Grace Lawlor, Staff Reporter

Best picture winner, Moonlight, directed by Barry Jenkins, premiered in 2016. The movie follows the story of a young, introverted boy named Chiron through three different periods of adolescence. He faces numerous hardships and learns to accept himself, primarily, by coming to terms with his sexuality. 

Barry Jenkins’ talent as a director and writer are showcased through the movie’s beautiful use of symbolism, score, and cinematography. In the first act, Chiron’s friend and father-like figure, Juan, shares the title of his favorite play, “In Moonlight, black boys look blue.” When told this quote, Chiron appears to be in a rare state of vulnerability, which continues as a theme throughout the story. Whenever Chiron feels vulnerable or shares an unseen part of himself, the color blue is somehow incorporated into the cinematography of the scene. For example, when Chiron proceeds to confront his school bully, the color blue appears in almost all visual aspects of the scene, symbolizing his first publicly torn down guard at school. 

The most significant and appreciated scene of the film, where Juan teaches Chiron how to swim, uses symbolism, score, and cinematography in a skillful and touching way. This scene occurs in the same setting where Juan tells the previously mentioned quote to Chiron. Juan then proceeds to teach him how to swim. The blue water encompasses and takes over Chiron as he and Juan feel vulnerable and free as themselves, Chiron for the first time. The exceedingly beautiful cinematography of this scene is accompanied by a dramatic string score that matches the tone and atmosphere perfectly. Through this, Juan teaches Chiron how to approve of and appreciate himself. 

By the end of the third act, the viewer finally sees Chiron acknowledge and take pride in who he is, once reunited with his early lover, Kevin.

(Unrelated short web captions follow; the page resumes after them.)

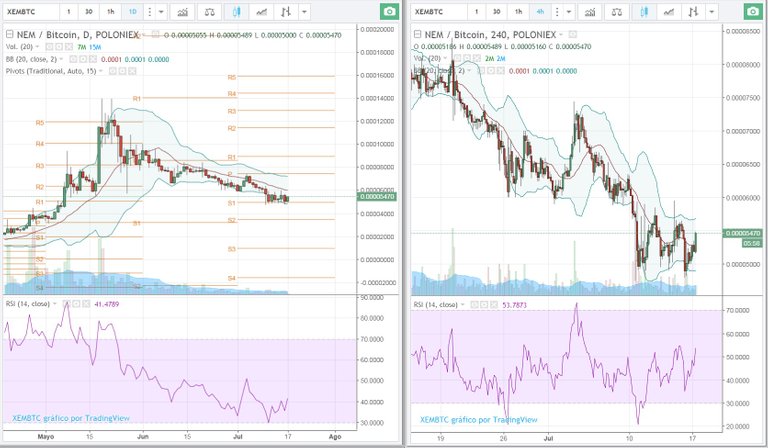 analisis tecnico de xem en Poloniex 17-07-2017.jpg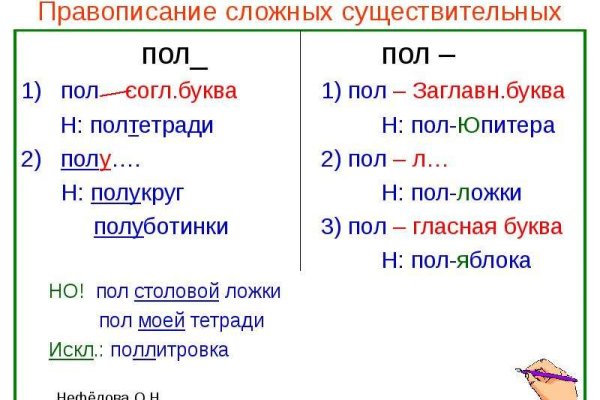 Актуальная ссылка на кракен в тор 2krnmarket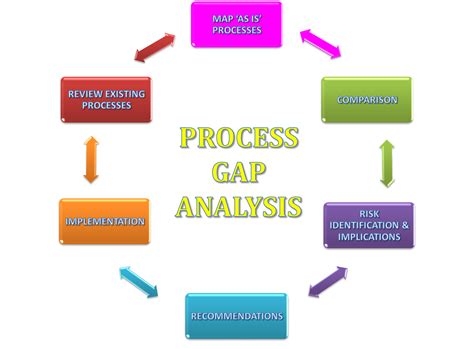 iso  resource center iso  gap analysis  internal audit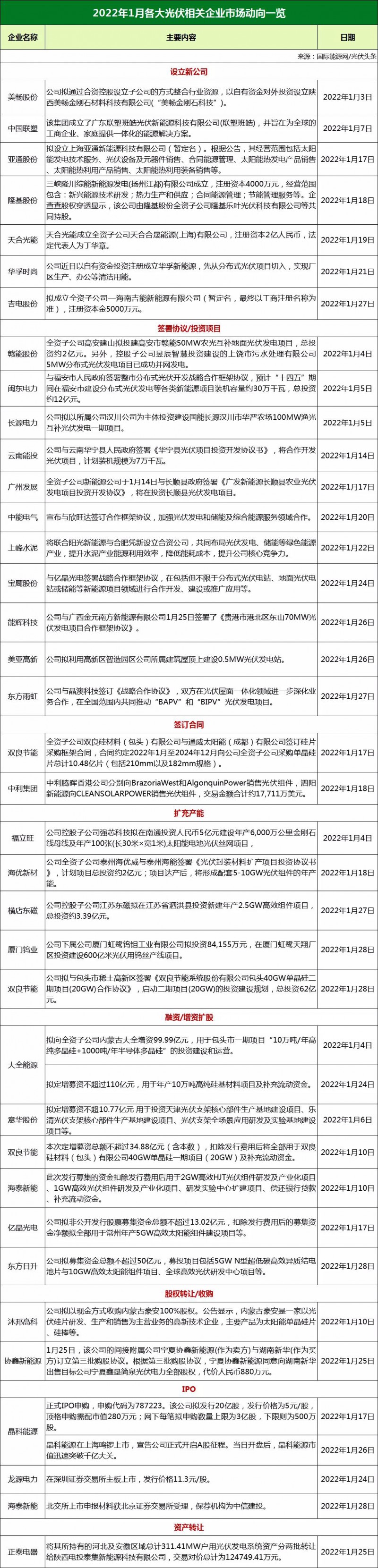 34家光伏企業(yè)市場動態(tài)：13家攜手合作、11家擴(kuò)產(chǎn)增資、3家IPO上市！
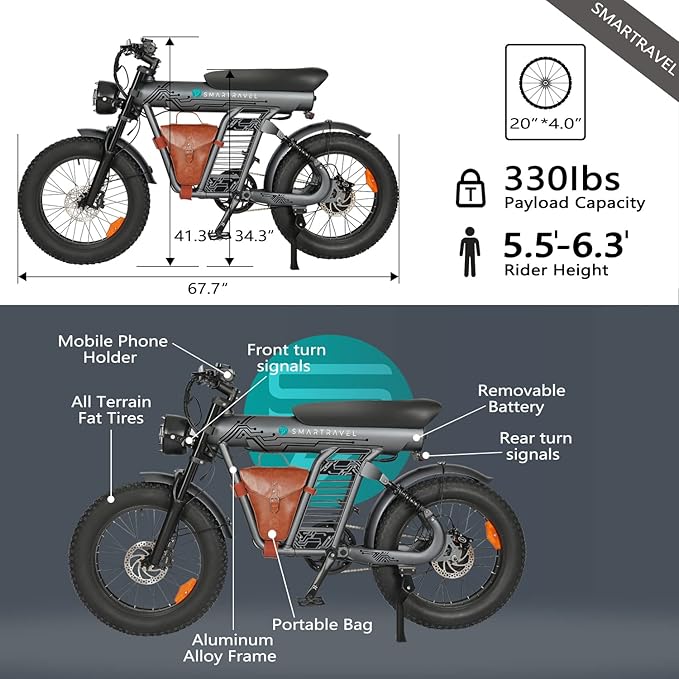 SMARTRAVEL Electric Bike for Adults,Ebike with Powerful Brushless Motor,25Ah Battery,UL&GCC Certification,20”x4.0 Fat Tire,Commuter Electric Bicycle,with Front/Rear Turn Signals
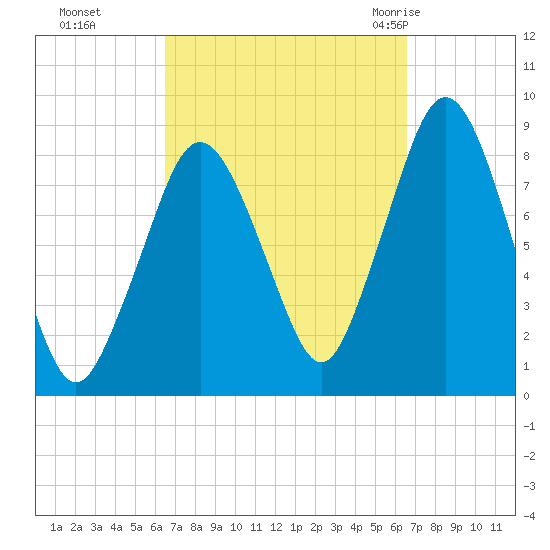 Provincetown tide chart for Monday, September 25, 2023
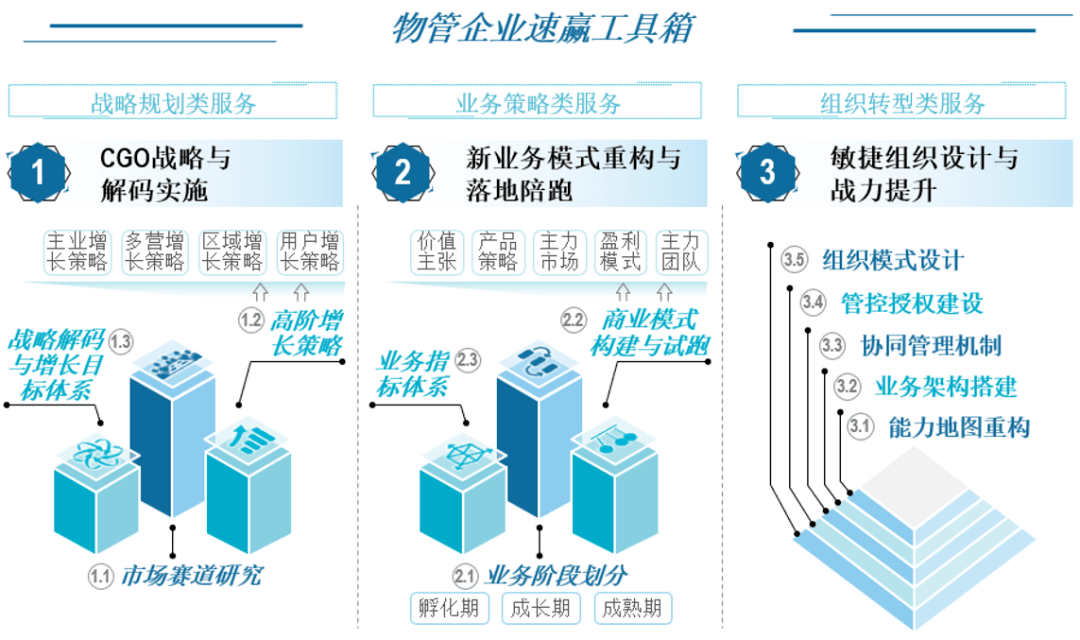 目前部分物管企業尚缺乏有效的模式探索與能力準備,需及早入局並加碼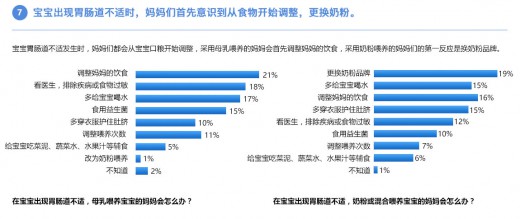 中國嬰幼兒胃腸道舒適調(diào)查 讓媽媽了解胃腸道舒適的重要性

In previous years apart, Chiron seems to lose sense of himself while attempting to fit societal norms. However, once reconnected to one of the influential figures who guided him on his journey of self-acceptance, he recognizes his worth and gains the individuality that he had once so longed for. As Chiron grows up, he experiences pain, betrayal, love, and fluctuations of confidence. 

Moonlight focuses on topics that, for many years, were untouched in coming of age stories, such as sexuality, broken families, and poverty. These contribute to the fact that it is a ground-breaking and influential story that accomplishes so much in under 2 hours and makes viewers feel appreciated through character portrayal. Moonlight is a beautiful, heart-wrenching piece of art that changed the lives of many and the world of representation in cinema.